---- PROVIDED MATERIAL

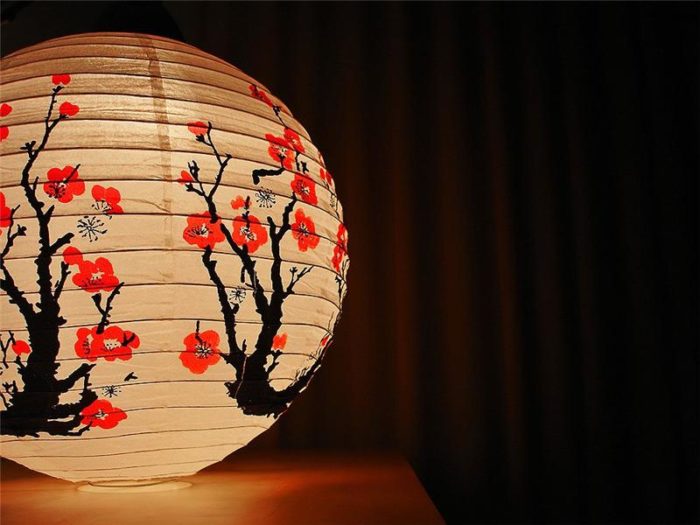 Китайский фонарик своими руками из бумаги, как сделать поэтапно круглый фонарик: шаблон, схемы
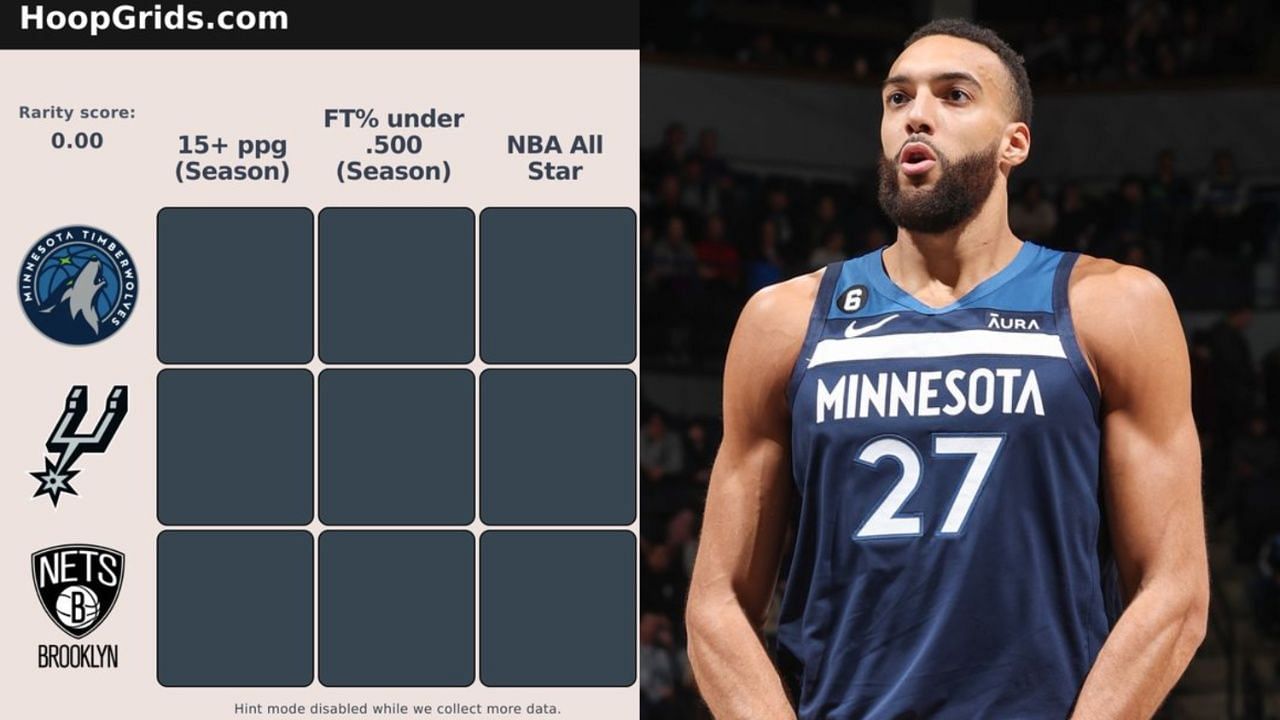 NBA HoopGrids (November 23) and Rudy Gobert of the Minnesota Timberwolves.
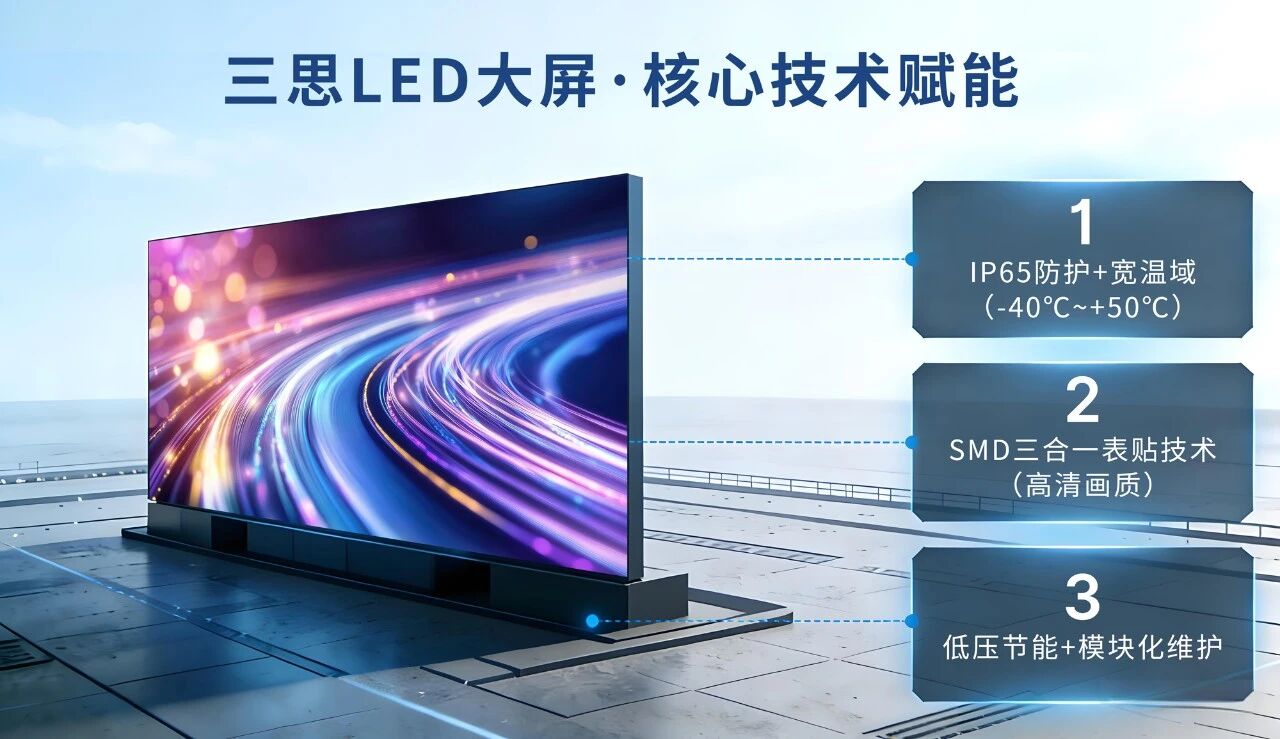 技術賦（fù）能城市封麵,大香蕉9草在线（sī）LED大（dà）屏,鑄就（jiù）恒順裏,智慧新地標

--------

(PROBLEM) Go through the data and return every word of it verbatim, leaving out the pictures.

(EXERCISE ANSWER)
 Китайский фонарик своими руками из бумаги, как сделать поэтапно круглый фонарик: шаблон, схемы
 NBA HoopGrids (November 23) and Rudy Gobert of the Minnesota Timberwolves.
 技術賦（fù）能城市封麵,大香蕉9草在线（sī）LED大（dà）屏,鑄就（jiù）恒順裏,智慧新地標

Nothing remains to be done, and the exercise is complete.